## Aim of the exercise
What needs reproducing is the run of lines in the data below starting at the line with "Tinta de tatuagem" and ending at the line with "Partitura da música", both ends included. Copy it exactly, without pictures, and add nothing.

## Exercise materials

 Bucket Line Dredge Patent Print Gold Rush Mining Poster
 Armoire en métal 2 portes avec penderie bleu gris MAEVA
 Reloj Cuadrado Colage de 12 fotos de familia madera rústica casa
* * *
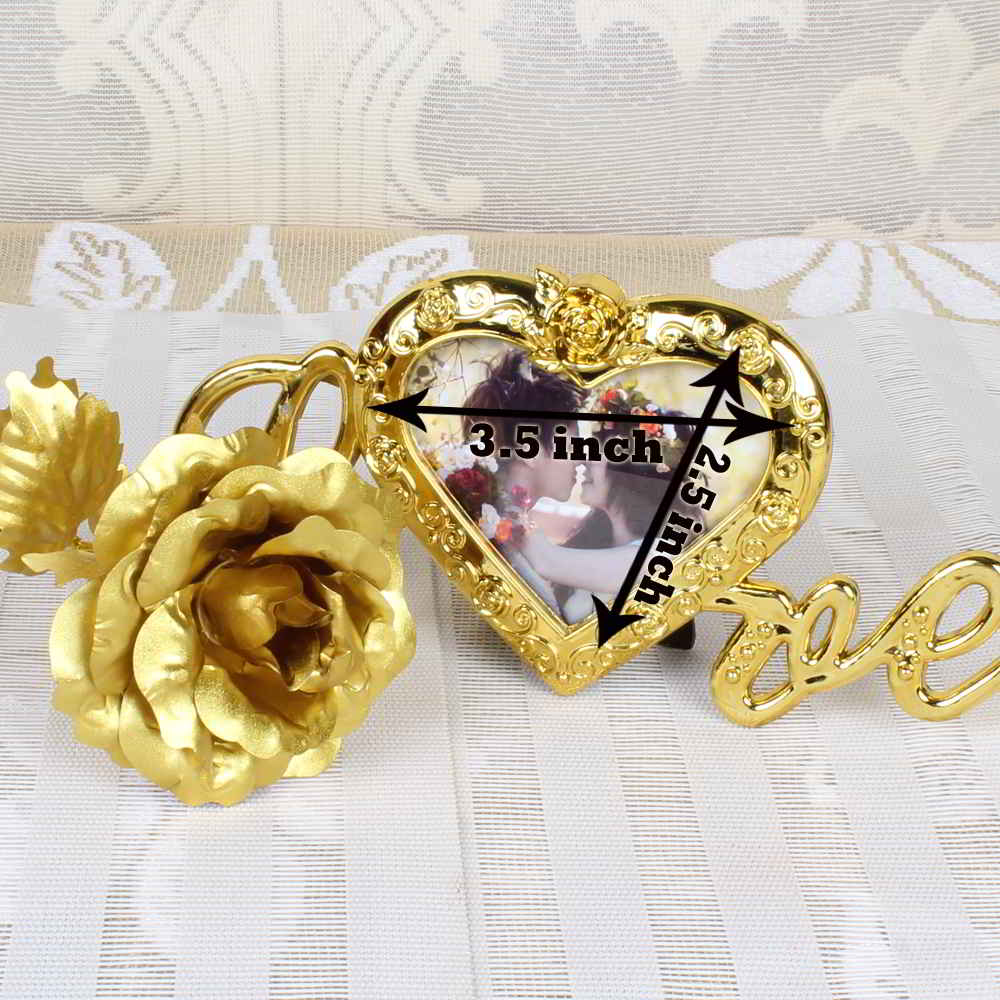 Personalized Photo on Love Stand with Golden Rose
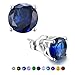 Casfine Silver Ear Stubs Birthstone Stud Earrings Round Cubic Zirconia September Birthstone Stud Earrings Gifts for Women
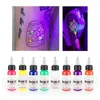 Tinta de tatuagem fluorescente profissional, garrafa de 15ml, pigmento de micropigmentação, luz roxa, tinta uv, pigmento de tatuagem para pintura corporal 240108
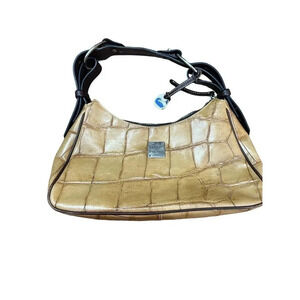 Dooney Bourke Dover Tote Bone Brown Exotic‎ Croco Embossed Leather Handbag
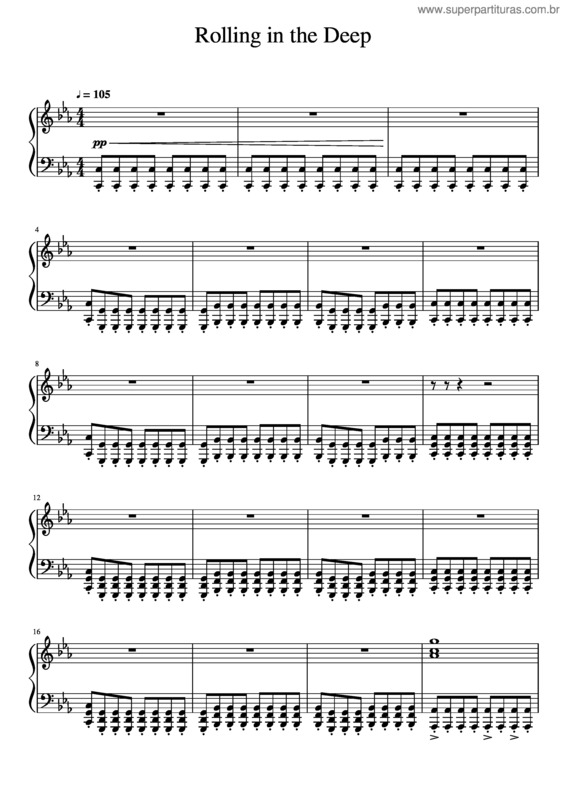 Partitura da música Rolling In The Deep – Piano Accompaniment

## Response to this exercise
 Tinta de tatuagem fluorescente profissional, garrafa de 15ml, pigmento de micropigmentação, luz roxa, tinta uv, pigmento de tatuagem para pintura corporal 240108
 Dooney Bourke Dover Tote Bone Brown Exotic‎ Croco Embossed Leather Handbag
 Partitura da música Rolling In The Deep – Piano Accompaniment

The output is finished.